[Saved entries]
----------
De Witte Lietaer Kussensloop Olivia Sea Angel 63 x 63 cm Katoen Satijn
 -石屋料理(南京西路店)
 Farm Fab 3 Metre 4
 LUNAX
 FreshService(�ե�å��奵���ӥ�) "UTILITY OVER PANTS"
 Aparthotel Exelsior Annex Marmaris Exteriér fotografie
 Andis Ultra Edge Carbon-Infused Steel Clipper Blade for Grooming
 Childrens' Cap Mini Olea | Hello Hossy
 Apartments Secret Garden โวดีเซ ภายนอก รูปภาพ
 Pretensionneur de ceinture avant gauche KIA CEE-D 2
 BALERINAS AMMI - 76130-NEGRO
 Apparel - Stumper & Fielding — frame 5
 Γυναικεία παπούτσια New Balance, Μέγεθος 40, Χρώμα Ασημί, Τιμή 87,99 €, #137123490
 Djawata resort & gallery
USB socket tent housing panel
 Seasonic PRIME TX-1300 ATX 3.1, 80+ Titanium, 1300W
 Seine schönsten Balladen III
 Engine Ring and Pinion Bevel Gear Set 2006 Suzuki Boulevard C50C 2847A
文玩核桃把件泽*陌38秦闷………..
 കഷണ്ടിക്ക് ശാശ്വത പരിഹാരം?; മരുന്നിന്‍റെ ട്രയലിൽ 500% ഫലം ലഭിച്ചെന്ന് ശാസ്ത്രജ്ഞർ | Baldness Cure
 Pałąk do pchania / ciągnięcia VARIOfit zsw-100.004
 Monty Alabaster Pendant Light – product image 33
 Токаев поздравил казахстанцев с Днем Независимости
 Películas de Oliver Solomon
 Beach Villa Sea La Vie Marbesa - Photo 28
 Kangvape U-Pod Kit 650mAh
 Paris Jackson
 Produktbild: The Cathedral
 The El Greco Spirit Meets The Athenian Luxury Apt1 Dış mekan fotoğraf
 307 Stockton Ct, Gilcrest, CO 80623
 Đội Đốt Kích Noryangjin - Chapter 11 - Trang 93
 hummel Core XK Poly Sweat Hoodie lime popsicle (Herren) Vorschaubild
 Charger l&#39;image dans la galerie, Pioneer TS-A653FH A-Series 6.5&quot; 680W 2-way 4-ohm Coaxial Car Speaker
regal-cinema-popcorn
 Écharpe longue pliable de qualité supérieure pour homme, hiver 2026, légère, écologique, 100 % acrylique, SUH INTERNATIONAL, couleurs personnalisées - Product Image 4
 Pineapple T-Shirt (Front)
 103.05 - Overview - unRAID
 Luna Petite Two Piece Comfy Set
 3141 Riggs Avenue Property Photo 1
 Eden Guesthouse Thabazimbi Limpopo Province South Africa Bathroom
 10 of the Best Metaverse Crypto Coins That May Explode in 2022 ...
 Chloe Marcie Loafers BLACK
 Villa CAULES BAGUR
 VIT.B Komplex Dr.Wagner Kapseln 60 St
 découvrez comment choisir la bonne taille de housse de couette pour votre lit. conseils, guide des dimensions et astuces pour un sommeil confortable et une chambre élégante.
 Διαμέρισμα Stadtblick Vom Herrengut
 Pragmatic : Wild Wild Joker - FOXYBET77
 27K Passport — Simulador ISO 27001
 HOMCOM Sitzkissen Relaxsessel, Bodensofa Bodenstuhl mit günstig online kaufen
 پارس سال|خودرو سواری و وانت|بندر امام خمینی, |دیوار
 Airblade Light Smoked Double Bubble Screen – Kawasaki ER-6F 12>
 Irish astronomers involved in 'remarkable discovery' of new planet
----------
PROMPT
Write every record out again exactly.

ANSWER TO THE EXERCISE
De Witte Lietaer Kussensloop Olivia Sea Angel 63 x 63 cm Katoen Satijn
 -石屋料理(南京西路店)
 Farm Fab 3 Metre 4
 LUNAX
 FreshService(�ե�å��奵���ӥ�) "UTILITY OVER PANTS"
 Aparthotel Exelsior Annex Marmaris Exteriér fotografie
 Andis Ultra Edge Carbon-Infused Steel Clipper Blade for Grooming
 Childrens' Cap Mini Olea | Hello Hossy
 Apartments Secret Garden โวดีเซ ภายนอก รูปภาพ
 Pretensionneur de ceinture avant gauche KIA CEE-D 2
 BALERINAS AMMI - 76130-NEGRO
 Apparel - Stumper & Fielding — frame 5
 Γυναικεία παπούτσια New Balance, Μέγεθος 40, Χρώμα Ασημί, Τιμή 87,99 €, #137123490
 Djawata resort & gallery
USB socket tent housing panel
 Seasonic PRIME TX-1300 ATX 3.1, 80+ Titanium, 1300W
 Seine schönsten Balladen III
 Engine Ring and Pinion Bevel Gear Set 2006 Suzuki Boulevard C50C 2847A
文玩核桃把件泽*陌38秦闷………..
 കഷണ്ടിക്ക് ശാശ്വത പരിഹാരം?; മരുന്നിന്‍റെ ട്രയലിൽ 500% ഫലം ലഭിച്ചെന്ന് ശാസ്ത്രജ്ഞർ | Baldness Cure
 Pałąk do pchania / ciągnięcia VARIOfit zsw-100.004
 Monty Alabaster Pendant Light – product image 33
 Токаев поздравил казахстанцев с Днем Независимости
 Películas de Oliver Solomon
 Beach Villa Sea La Vie Marbesa - Photo 28
 Kangvape U-Pod Kit 650mAh
 Paris Jackson
 Produktbild: The Cathedral
 The El Greco Spirit Meets The Athenian Luxury Apt1 Dış mekan fotoğraf
 307 Stockton Ct, Gilcrest, CO 80623
 Đội Đốt Kích Noryangjin - Chapter 11 - Trang 93
 hummel Core XK Poly Sweat Hoodie lime popsicle (Herren) Vorschaubild
 Charger l&#39;image dans la galerie, Pioneer TS-A653FH A-Series 6.5&quot; 680W 2-way 4-ohm Coaxial Car Speaker
regal-cinema-popcorn
 Écharpe longue pliable de qualité supérieure pour homme, hiver 2026, légère, écologique, 100 % acrylique, SUH INTERNATIONAL, couleurs personnalisées - Product Image 4
 Pineapple T-Shirt (Front)
 103.05 - Overview - unRAID
 Luna Petite Two Piece Comfy Set
 3141 Riggs Avenue Property Photo 1
 Eden Guesthouse Thabazimbi Limpopo Province South Africa Bathroom
 10 of the Best Metaverse Crypto Coins That May Explode in 2022 ...
 Chloe Marcie Loafers BLACK
 Villa CAULES BAGUR
 VIT.B Komplex Dr.Wagner Kapseln 60 St
 découvrez comment choisir la bonne taille de housse de couette pour votre lit. conseils, guide des dimensions et astuces pour un sommeil confortable et une chambre élégante.
 Διαμέρισμα Stadtblick Vom Herrengut
 Pragmatic : Wild Wild Joker - FOXYBET77
 27K Passport — Simulador ISO 27001
 HOMCOM Sitzkissen Relaxsessel, Bodensofa Bodenstuhl mit günstig online kaufen
 پارس سال|خودرو سواری و وانت|بندر امام خمینی, |دیوار
 Airblade Light Smoked Double Bubble Screen – Kawasaki ER-6F 12>
 Irish astronomers involved in 'remarkable discovery' of new planet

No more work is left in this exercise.